What is a clothlet?

When learning about pigments, you come across the word “clothlet”. So what exactly does that term mean? Generally, a clothlet is simply a small cloth infused with a colored pigment that is extracted from the cloth and makes a transparent paint or wash for use in illumination and drawing. These pigments seem to all be botanical. The pigment may be from flower petals, berries, or seed pods. To use them, the clothlets are moistened with a binder like liquid gum arabic or egg glair. These clothlets may be dried and saved between the pages of a book or in a little bag or stored still moist. Often these pigments are called turnsole, which can be confusing because turnsole can also refer to several plants (Chrosophora tinctoria and Heliotropium sp.) which turn towards the sun. Let’s take a look at a some of these clothlet recipes.

Let’s look at a Middle English recipe from Mark Clarke’s book, The Craft of Lymmyng and the Maner of Steynyng.

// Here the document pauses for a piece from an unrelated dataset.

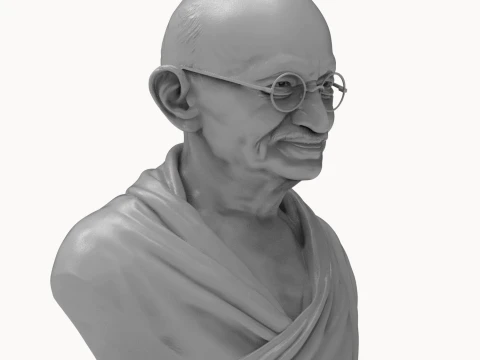 Mahatma Gandhi Realistic 3D Printable Bust 3D Print Model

I’ve translated it into modern English so it’s easier to read.

Pg 129. Sec. 22 (Cambridge, Trinity College, MS R.14.45 [#0375])

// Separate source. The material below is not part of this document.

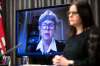 Lynn Stevenson, external reviewer, speaks virtually at a press conference about the results of the review of the deadly COVID-19 outbreak at Maples Care Home. (Mikaela MacKenzie / Winnipeg Free Press)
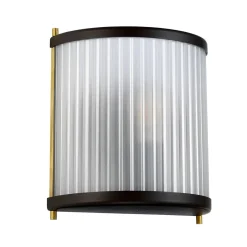 Elstead Wandlampe Glas Metall in Braun Messing E27 CARILA< Wandleuchten|Flurlampen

For to make turnsole.  Take the black elderberries or else blackberries that grow on hedges, and stamp them in a mortar and wring out the juice into a fair vessel, then take the alum glass and resolve it in clean water over the fire, then take the fair clothes of canvas or of broad cloth and dip them in thine alum water once or twice until they have drunk all this alum, then wring out the water completely and dry them, then dip them once or twice in the juice of the berries until they have a good fair color, then hang them up to dry, and when they be dry put them in a canvas bag until thou have to done therewith; and write as thou makes turnsole of blackberries, right so may thou make it of blue blooms.

Clarke, Mark. The Crafte of Lymmyng and the Maner of Steynyng. Eetso, 2016.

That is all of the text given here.